Healthcare Technology Featured Article

June 28, 2010

Healthcare Technology and News: Is Melittin the Answer to a Cure for Cancer?

If you are one of those with a weak Immune System, which just can’t produce enough of antibodies to ward off infection, then you may have cause to smile, as synthetic antibodies could well be used somewhere in the future to compensate for the inability of the body to produce enough of the virus and bacteria-fighting proteins.
Scientists at the University of California at Irvine have taken a very small step in that direction and are trying to create plastic antibodies that can halt the spread of deadly bee venom.
Bee venom contains a toxic peptide called melittin that causes cells to rupture, and if large quantities of the venom are present, it can lead to organ failure and even death.
What the scientists are actually trying to do is create nanoparticle-size plastic polymers that will encase the melittin, and capture the antigens before they are dispersed in the body.
Initial tests conducted on a group of mice have been fairly successful in reducing deaths caused by bee venom. For this purpose scientists injected one group of mice with a lethal dose of melittin, and followed it up with the plastic antibodies. Mice in a separate control group, which were injected with the toxin but not the antibodies, did not survive.
However, the rodents in control group, which were injected with the toxin and the antibodies, apparently seemed to suffer no ill effects, seeming to indicate that the plastic antibodies had done their work.

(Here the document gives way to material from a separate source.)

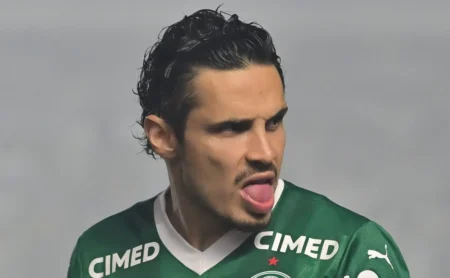 Torcida do Palmeiras critica Raphael Veiga durante clássico: “Preocupado com o cabelo” Torcida do Palmeiras critica Raphael Veiga durante clássico: “Preocupado com o cabelo”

This was regarded as an encouraging sign. 
According to UCI chemistry professor Kenneth Shea, who worked on the project along with scientists from Stanford University and Japan’s University of Shizuoka., the nanoparticles succeeded in “capturing” the antigens before they could disperse, thus greatly reducing deaths among the rodents
Shea added that never before had synthetic antibodies been shown to effectively function in the bloodstream of living animals, and the technique could be utilized to make plastic nanoparticles designed to fight more lethal toxins and pathogens.

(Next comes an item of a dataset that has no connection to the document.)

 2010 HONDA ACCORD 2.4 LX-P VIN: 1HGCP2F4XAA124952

The detailed findings are available in a recent issue of the Journal of the American chemical Society, which designed the antibodies using a technique called “molecular imprinting.” What this technique did was to link melittin molecules with small molecules called monomers making it into a long polymer chain. After hardening of the plastic, the melittin was removed and the nanoparticles had small melittin-shaped holes.
When injected into the mice, the imprinted nanoparticles enveloped the matching melittin molecules before the toxin could wreak havoc on the creatures.

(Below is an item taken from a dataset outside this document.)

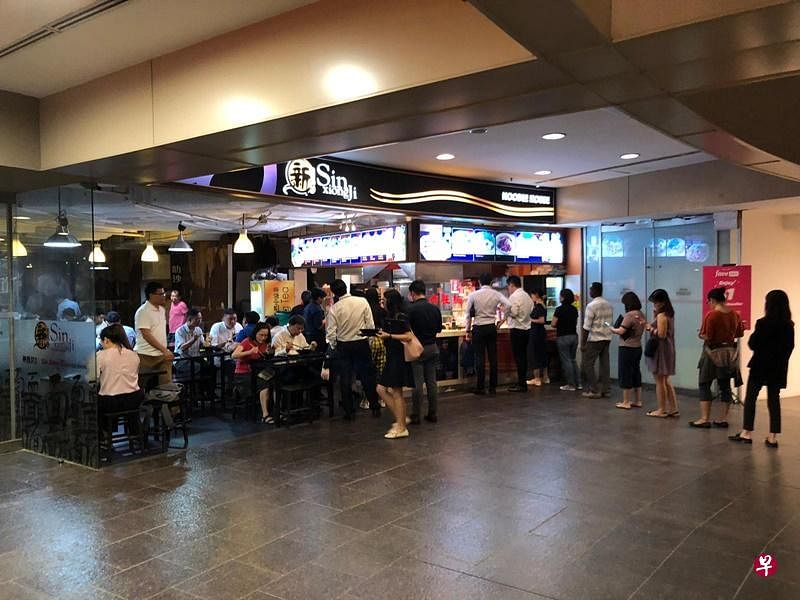招牌香菇肉脞面，配料丰盛。 在用餐时段，店前经常出现排队人龙。（图／受访者提供）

The concept is indeed very interesting and does call for more work to be done in this field. If successful, plastic antibodies could have application beyond bees and mice.
But the plastic antibodies could have applications beyond bees and mice. Not only can the synthetic antibodies be created faster and more cheaply, but would in all likelihood also have a longer shelf life.
Melittin, may be life threatening, but its benefits are tremendous. Because the substance is known to kill cells, researchers at Washington University School of Medicine in St. Louis have harnessed it to destroy tumor cells.
Their research involved attaching melittin to nano-sized spheres they called “nanobees,” which were injected into mice with cancerous tumors. The results of the findings seem to be positive, for the nanobees not only lessened the growth and size of the cancerous tumors, but also prevented the cancer from developing.